- What the exercise asks
All the lines below need to be output exactly, apart from any images.

- Provided data
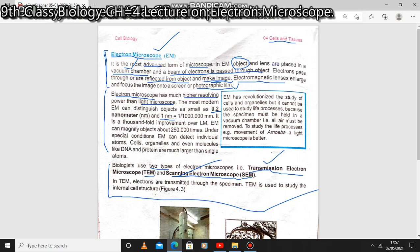The electron microscope can magnify objects about 250,000 times. Under special conditions, the electron microscope can detect individual atoms, cells, organelles, and even molecules like DNA and proteins. DNA and proteins are much larger than single atoms.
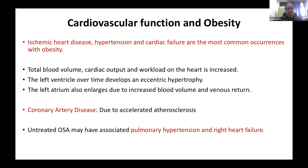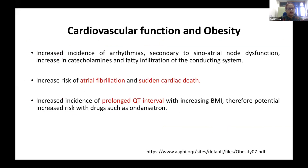Regarding the cardiovascular system, ischemic heart disease, hypertension, and cardiac failure are the most common occurrences with obesity. With increasing body tissue, total blood volume, cardiac output, and workload on the heart increase. The left ventricle develops eccentric hypertrophy over time, and the left atrium enlarges due to increased blood volume and venous return. Patients may also have coronary artery disease due to accelerated atherosclerosis. Untreated OSA may be associated with pulmonary hypertension and right heart failure. There is increased incidence of arrhythmia secondary to SA node dysfunction, increased catecholamines, and fatty infiltration of the conducting system, increasing the risk of atrial fibrillation and sudden cardiac death. There is also increased risk of prolonged QT interval with increasing BMI, with potential risk from drugs such as ondansetron.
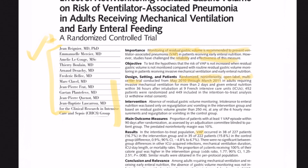They found that ventilator-associated pneumonia occurred in 16.7% of the intervention group and 15.8% of the control group. The confidence interval was negative 4.8% to 6.7%, which crosses zero — therefore it is not statistically significant. In addition, they found no difference between other ICU-acquired infections, mechanical ventilation duration, ICU length of stay, or mortality rates. Patients who didn't have their tube feeds checked received 100% of their calorie goal, which was significantly higher than the intervention group with a p-value of 0.008.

- Solution below
The electron microscope can magnify objects about 250,000 times. Under special conditions, the electron microscope can detect individual atoms, cells, organelles, and even molecules like DNA and proteins. DNA and proteins are much larger than single atoms.
Regarding the cardiovascular system, ischemic heart disease, hypertension, and cardiac failure are the most common occurrences with obesity. With increasing body tissue, total blood volume, cardiac output, and workload on the heart increase. The left ventricle develops eccentric hypertrophy over time, and the left atrium enlarges due to increased blood volume and venous return. Patients may also have coronary artery disease due to accelerated atherosclerosis. Untreated OSA may be associated with pulmonary hypertension and right heart failure. There is increased incidence of arrhythmia secondary to SA node dysfunction, increased catecholamines, and fatty infiltration of the conducting system, increasing the risk of atrial fibrillation and sudden cardiac death. There is also increased risk of prolonged QT interval with increasing BMI, with potential risk from drugs such as ondansetron.
They found that ventilator-associated pneumonia occurred in 16.7% of the intervention group and 15.8% of the control group. The confidence interval was negative 4.8% to 6.7%, which crosses zero — therefore it is not statistically significant. In addition, they found no difference between other ICU-acquired infections, mechanical ventilation duration, ICU length of stay, or mortality rates. Patients who didn't have their tube feeds checked received 100% of their calorie goal, which was significantly higher than the intervention group with a p-value of 0.008.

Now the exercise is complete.